『エール』森山直太朗の藤堂先生は完璧なキャスティングだった 切なく響いた戦場の歌声

 うわあ、これ。間違いなく辛い展開が……。

 NHK連続テレビ小説『エール』第75話を観た人は、誰もがそう思っただろう。教師を辞して軍人になった、古山裕一(窪田正孝)、村野鉄男(中村蒼)、佐藤久志(山崎育三郎)の恩師である藤堂先生(森山直太朗)。藤堂先生は、故郷福島に帰った3人に会い、鉄男に、「出征することが決まった。俺のために歌を書いてくれ」と伝える。陸軍制作の戦意高揚映画の主題歌「暁に祈る」の歌詞を何度書いてもボツだった鉄男は、先生に捧げるつもりで書き上げる。

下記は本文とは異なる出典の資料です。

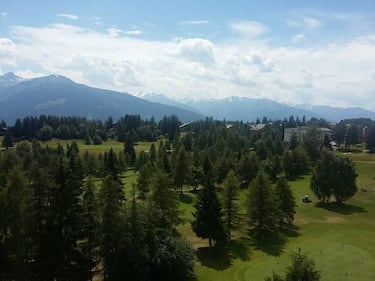 Así es Crans Montana, donde el Valencia preparará su Centenario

陸軍からOKが出て、楽曲「暁に祈る」はヒットする。

 その「暁に祈る」に送られるように、出征して行く藤堂先生。遠ざかる父の背中を見つめる息子、憲太(宇佐見謙仁)と、はらはらと涙を流す妻、昌子(堀内敬子)──どうでしょう。戦争が終わって無事に帰って来ました、なんてことになろうはずがない展開でしょう、どうやったって。

 そして、第18週「戦場の歌」。第86話で、ビルマの首都ラングーンに慰問に訪れた裕一は、藤堂先生が前線の駐屯地にいることを知る。第87話では、危険で過酷な前線に行く決意がつかないまま10日間を過ごすも、腹をくくって(というほど簡単な経緯ではなかったが)前線に出向き、藤堂先生と再会する。

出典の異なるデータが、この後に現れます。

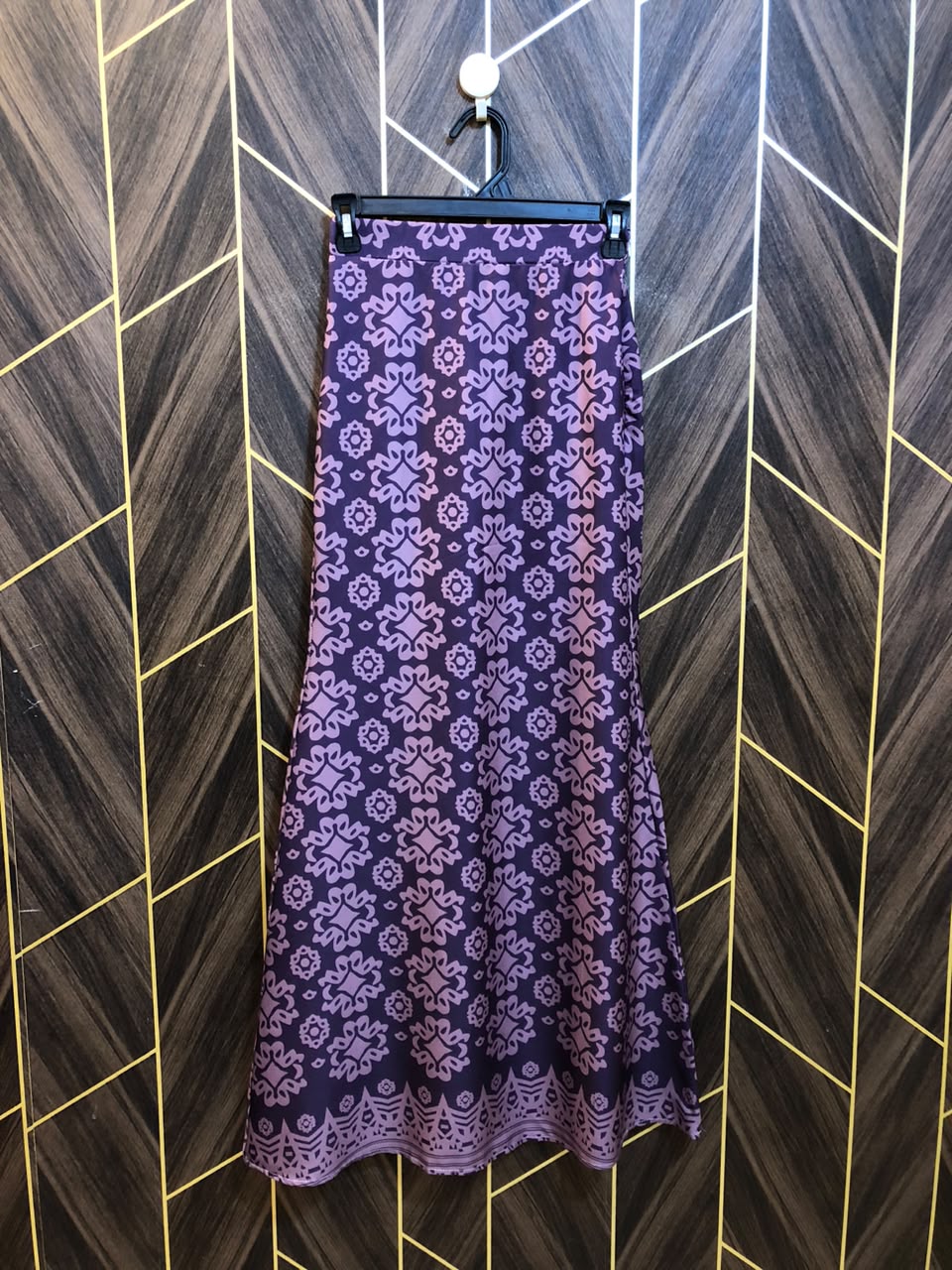 Women Skirts Linen X Small to Small | Size Waist 26–28 | Length 42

 藤堂先生が自分の率いる隊の中から探しておいた、楽器経験者の3人(ギター、打楽器、トランペット)と引き合わされた裕一は、ラングーンのホテルにいる間に書き上げた「ビルマ派遣軍の歌」を慰問会で演奏することに決め、「歌ってください」と藤堂先生に依頼。一瞬戸惑うも、「みんなの元気のためだ、やるよ」と引き受けた藤堂は、4人と一緒にリハーサルで歌う……というのがここまでのお話。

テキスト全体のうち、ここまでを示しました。